1)「リア王」のオペラ化は、20世紀ではライマン、細川俊夫(鈴木忠志の脚色による)以外に、アレクサンダー・ゲール(1932‐)とアウリス・サリネン(1935‐)がやっている。

2)ヴェルディも「リア王」のオペラ化を念願していたが、果たせなかった(草稿がどこかに眠っているはずだ。)。女声3人の登場(ゴネリル、リーガン、コーディリア)が異例だったからでもあるが、もう一つは、嵐の場面を書けなかったからでもあるだろう。ヴェルディにとって自然は外にあった。一方、自分(細川俊夫)の場合は能の伝統があり、内面の世界が外在化することは普通だ。また、ライマンの場合は、自然の心理的な表現ができる時代になっていた。

3)キース・ウォーナーがフランクフルト歌劇場でこの作品を演出したとき、プログラムにこう書いていた、「『リア王』は演劇史上初めて神が出てこない作品だ」と。

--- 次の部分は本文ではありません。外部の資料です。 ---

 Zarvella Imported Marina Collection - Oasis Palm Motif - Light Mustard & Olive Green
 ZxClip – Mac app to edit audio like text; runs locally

4)ライマンの「リア」ではオーケストラの間奏曲に重要な役割がある。それはドビュッシーの「ペレアスとメリザンド」~ベルクの「ヴォツェック」につながるものだ。

5)今回エドガーを歌うのは藤木大地という有望なカウンターテナーだ。カストラートの最後の一人が20世紀初めまで生きていたが、その後途絶えた。1950年代からカウンターテナーが出てきた。

 なお、会場では、本年4月にこの作品がスェーデンのマルメで上演された際に、ヨーロッパにいた下野竜也がライマンを訪れて、助言を受けている様子が放映された。演奏家の努力はすごい。